Be Kind Rewind

Apr 6, 2009 at 1:05 AM
When I was 14, a grown woman who totally didn't know me called me all kinds of terrible things, callling my slutty long before I'd even thought about it. Calling me evil before I'd even chosen a path in life. I was still a kid, really, and she called me the most terrible things she had words for. If she had believed in demons, she'd have called me one of those.

Her name was Sidney, and she did everything she could to wreck my life.

I remember her irrational hatred so well. I just made her hate me somehow by simply existing. She got me kicked out of my classes, out of everything she could. Literally everything. She went out of her way to convince people I was evil and a problem everywhere I went for about a year.

At the time, I simply though she didn't like me, I guess. Or that maybe there really was something terrible that I had done without realizing it. But no. I was trying hard, and when I finally gave up fighting it, she won. I left town. I went on the road for a while and when I came back at 16, I never ran into her again. I don't know where she ended up, but I personally hope it was somewhere she deserved. I lost a good boyfriend, a good job, a good place, and a year of my life to her hatred. And the fingers of her lies and the problems she made for me continued to pound out her hatred into my life for about a decade afterwards.

I really believed the things she'd said about me, at the time, I really wondered whether I could be as bad as she said I was.

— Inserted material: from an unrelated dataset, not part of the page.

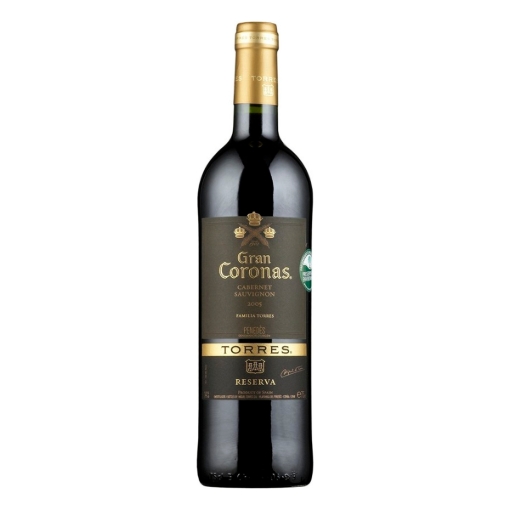 Imagen de Exh Vt Torres Gran Corona Reserva Reserva 750 MLL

I didn't know what some of the nasty things she called me meant, but I wondered all the same what she saw that I didn't.


Just recently I remembered that all this started the day that I met her son, Sam. He was also my age and had expressed a crush on me, and I'd demured.

She threw my whole life into a spin for a lost crush? Maybe.

Is it possible that the whole problem was that I simply didn't like her son in return? When I recognized that, a whole BUNCH of things started to line up and make sense.

Plus I realized a few years too late that she'd known my older sister and they'd hated each other long before she'd met me.

Between those two things, somewhere, an irrational hatred formed.

I can't imagine trying to destroy someone because you don't like their family, or they don't like yours.

Amazing how huge a circle of pain one person's hatred can have. Her hatred of me had very far reaching ropes it tied into my life. It affected my future right up to present day, because of the lost opportunities and the people who hated me because of her.

When I think about my life in rewind, I realize how urgently important it is to be kind.

And to take a look at each person truthfully, without your own problems coloring your opinion of the other. And to do whatever it takes to assume that this other person might mean well and let them have a shot at doing well.

It doesn't do ME any good to wish others would have done things mroe kindly with me. Instead I simply look at how I can be kinder to others.

I know I've taken that lesson and applied it to everything I could.

But I think if I saw that woman, even today, I'd still wanna punch her. What she doesn't know is that the 14 year old me had no guts for fighting back. The 32 year old me is a whole 'nother thing.

So, maybe the moral is, be kind where appropriate, and scratch out some eyes and kick asses where it's needed?

4 comments

  1. You could always track her down and explain how she made you feel and shame her into an apology. If she doesn't then you beat the crap out of her. It's a win win situation :)

  2. Shelley Says:

    Be kind to everyone... even her, she's going to fuck herself over quite adequately.

  3. Kat Says:

    Wow, Desi. That's weird/crazy/crappy.

    I doubt she's the type that would be shamed into an apology - someone who went to those lengths? Nah...

    And a waste of time to knock her out. But fun to fantasize about.

    I can't get over it. That's just so weird.

  4. LL Cool Joe Says:

    I found your blog via Sparkling Red, so I hope you don't mind me leaving a comment?

    It's amazing the impact cruel comments that people make to us as we are growing up, can have. They never leave us, and I believe they shape who we are.

    As a parent, I try to remind myself of that when I talk to my kids. I don't always get it right but I try.

    I'm sorry you went through this.